The inescapable theme of the previous generation of poets is the civil-military dictatorship from 1973 to 1985 that sent many Uruguayan leftists to prison or worse and some poets into exile. Uruguayans read poetry with this in mind. They look for a poem’s date to decide if a word like “silence” carries a double-weighted meaning. With Circe Maia, the first Uruguayan poet I translated, this is certainly a consideration. In 1972 police raided her home to arrest her husband and did not take Circe only because she was caring for their four-day-old daughter. He was imprisoned for two years for being associated with the Tupamaros National Liberation Movement. Her “Por detrás de mi voz,” with its refrain of “Listen, listen, another voice sings,” can be read as a poem about the continued presence of ancestors. But set to music by Daniel Viglietti in 1978 as “Otra voz canta,” it became a political anthem throughout Latin America, a call to hear the missing voices of those “disappeared” by military regimes in Argentina, Bolivia, Brazil, Chile, Paraguay, and Uruguay.
The new generation of Uruguayan poets has been raised in an era of democracy and boom-and-bust capitalism. The current president of Uruguay is José Mujica, the former Tupamaro guerrilla who leads the coalition of left-wing parties that has held the government for the last twelve years and that has made abortion, same-sex marriage, and marijuana legal while banning tobacco smoking in public places. This moderate progressivism is the reality for younger poets, and they are restless with the older generation’s politics pitting communist guerrillas against fascist generals. In their song “No somos latinos,” the popular band El Cuarteto de Nos makes fun of Open Veins of Latin America, the leftist history by Eduardo Galeano, Uruguay’s most famous living writer: “I read Open Veins and discovered it was slop. By page four I was asleep.” The dictatorship and its legacy are still part of the political conversation in Uruguay, but the younger poets, though nearly all voted for Mujica, have concerns that are more personal and less political.
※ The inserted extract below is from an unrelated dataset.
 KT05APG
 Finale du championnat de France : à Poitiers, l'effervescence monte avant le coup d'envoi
I noticed this distinction when I begin collecting work for América Invertida: A Bilingual Anthology of Younger Uruguayan Poets. The poems presented here are by four of the poets included in the anthology: Andrea Durlacher (translated by Anna Rosenwong), Victoria Estol (translated by Seth Michelson), Paula Simonetti (translated by Catherine Jagoe), and Fabián Severo (translated by Dan Bellm). Their work shows the range of responses to living in Uruguay now.
For example, both Durlacher and Estol’s poems spring from the impatience younger poets feel with living in Uruguay. Durlacher’s “Linguistics in the Time of Uruguayan Invasion” is about the desire to travel or study abroad, about feeling Uruguay’s small size pinching like a tight shoe. In it, all the linguistics students are applying for scholarships to Spain, uncertain what the future holds for them with their eagerly pursued advanced degrees. She writes, “Months later the linguists will fear hunger and penury./ They’ll have to look for work.” Estol in her poem “[the nail fell]” returns to the age-old theme of the artist’s isolation from a society that does not value creativity, especially in women. She writes of stuffing a hole in her wall with poems, “a stranger among my own . . ./ i follow the rabbit like Alice.”
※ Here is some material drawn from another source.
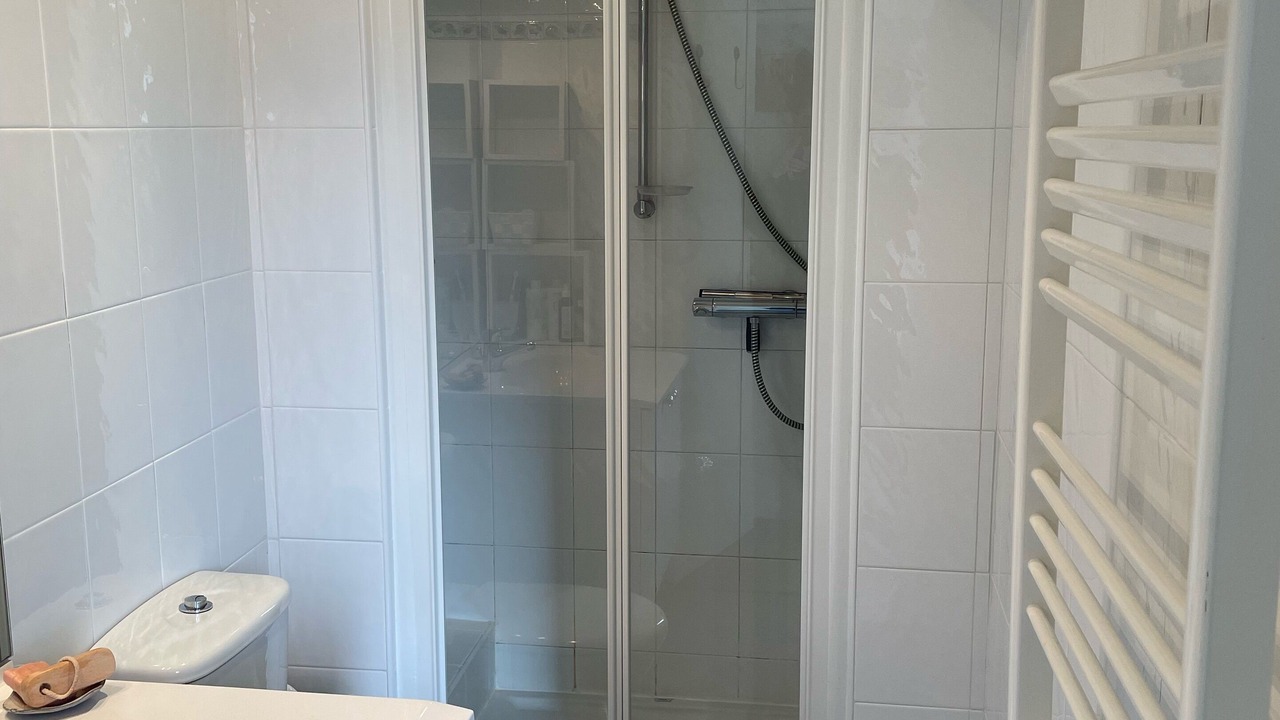 Photo of Bathroom in Mont-Louis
On the other hand, both Paula Simonetti and Fabián Severo write about poverty and marginalization, social problems that also concerned the earlier generation of poets, but their poems are without an obvious political perspective. Simonetti, who works with addicts, the homeless, and the mentally ill, writes poems that are intimate portraits of lives of poverty and abuse. Her poem “I’m not going to talk” dances with the said and unsaid, “I’m not going to talk about the fist and the mark/ of that shape in which your hand crushes the look/ on your son’s face like a fly in summer” to reach the truth of the abuse. Fabián Severo, who has taken the highly unusual decision to write in Portuñol, the dialect of the Uruguayan-Brazilian frontier, writes poems that address the isolation of border towns like Artigas where he grew up and the lack of respect for their culture. In “Night Up North,” Severo stakes his claim for the frontier as literary territory, writing, “Before/ I wanted to be from Uruguay./ Now/ I want to be from here.”
I took the title for the anthology, América invertida, from the title of the 1943 drawing of the continent upside down by Uruguayan artist Joaquín Torres García. Founding his art school, Taller del sur, in Montevideo, he said, “Now turn the map upside down, and then we have a true idea of our position, and not as the rest of the world wishes.” Today, defining their art—their poetry—and their place in the world is as just important to young Uruguayan poets such as Durlacher, Estol, Simonetti and Severo.